→ **What to work on**
Transcribe the lines below exactly, beginning with the line that holds "Western Blot - Anti-Tau" and ending with the final line, both included. Pictures are to be left out.

→ **Available data**
#####

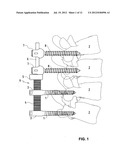 VERTEBRAL COLUMN IMPLANT diagram and image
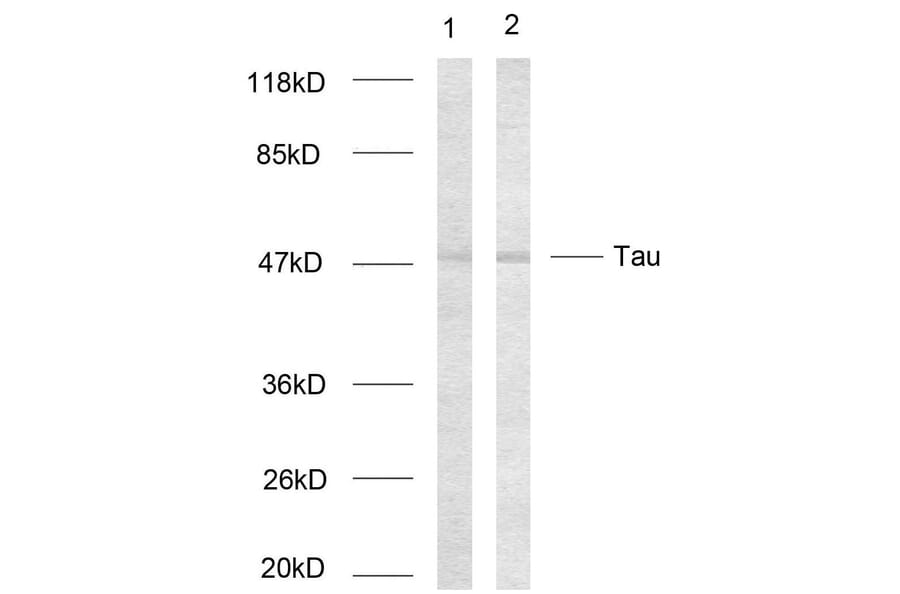 Western Blot - Anti-Tau Antibody (B7237) - Antibodies.com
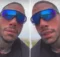 Francesco Chiofalo, prime foto dopo l’intervento per il cambio del colore degli occhi 7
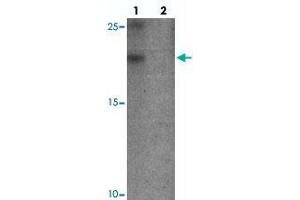 Western blot analysis of YPEL3 in A-20 cell lysate with YPEL3 polyclonal antibody  at 1 ug/mL in (lane 1) the absence and (lane 2) the presence of blocking peptide. (YPEL3 抗体  (N-Term))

#####

→ **Answer to the problem**
 Western Blot - Anti-Tau Antibody (B7237) - Antibodies.com
 Francesco Chiofalo, prime foto dopo l’intervento per il cambio del colore degli occhi 7
 Western blot analysis of YPEL3 in A-20 cell lysate with YPEL3 polyclonal antibody  at 1 ug/mL in (lane 1) the absence and (lane 2) the presence of blocking peptide. (YPEL3 抗体  (N-Term))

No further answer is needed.